Dr. Jun-bi Tu passed away peacefully in his home on Sept. 16, 2022, at the age of 92. He was the loving husband of Beth, a caring father to Jack and Karen, a revered grandfather to Eric, Christopher, Owen, Andrew and Bradley and a kind father-in-law to Jane and Paul.
Jun-bi Tu was born in Longyan, Fujian, China and was the fourth of five sons and one daughter. He went to medical school in Taiwan, where he became separated from his family after the communist takeover of mainland China. He graduated from medical school at the National Taiwan University, and in 1965 he received an honorary doctorate from Kyushu University in Japan for his work in neuropsychiatry and the neurologic impacts of Wilson's Disease. He immigrated to Canada in 1966 to work as a pediatric research fellow and psychiatrist for severely mentally ill children at Queen's University in Kingston, Ont. His research interests were in neuropsychiatry, psychopharmacology and pharmaco-epidemiology. He retired in 1995 as a professor emeritus of medicine at the University of Western Ontario, now known as Western University.
In his retirement, he became engrossed in writing poetry and poetic medicine. Working in mental health Jun-bi witnessed high smoking rates, especially among those with severe mental illness. He was passionate about smoking cessation and spent a great amount of time in his retirement writing poetry about smoking cessation.

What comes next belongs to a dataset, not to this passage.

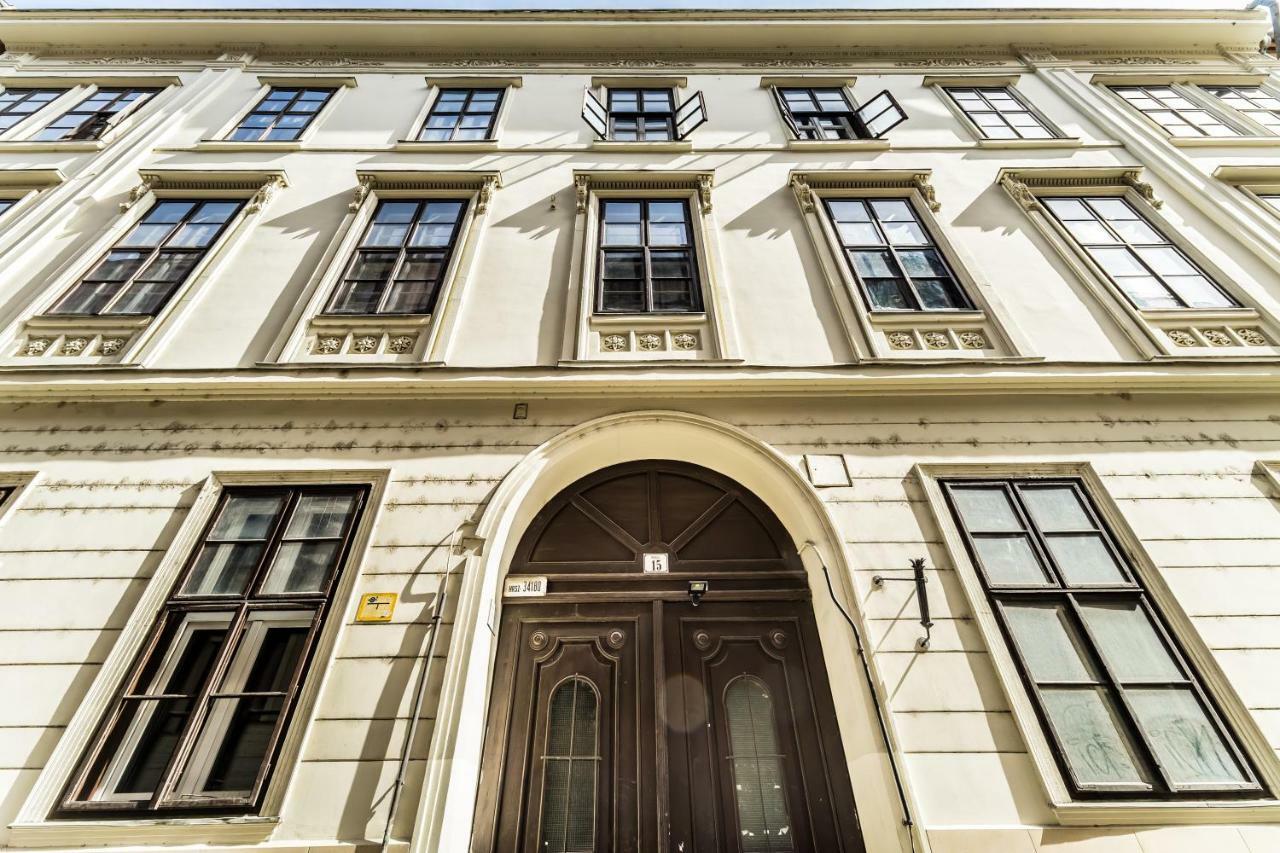 Corbie Downtown Apartment بودابست المظهر الخارجي الصورة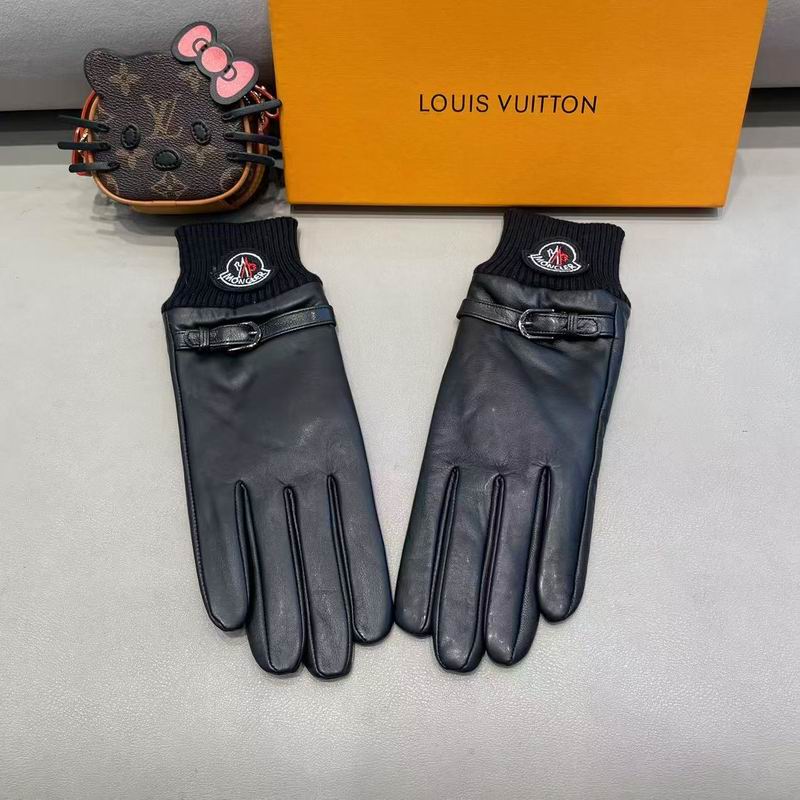 Moncler Gloves M L 102619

He came to Canada with very little but an education, a job, and a hope for a better life for his family. He received many reaffirmations that his decision to immigrate to Canada was the right one. As he battled with lymphoma at the end of his life, he felt very lucky to receive medical care covered by Canadian medical insurance. He was very appreciative of the education his children received in Canada and the western world and the opportunity it provided to them to follow in his footsteps to become academic physicians and researchers.
He was grateful for the loving and devoted care of his wife of 60 years, was very proud of his children and their accomplishments, and he greatly enjoyed watching his five grandsons grow and develop.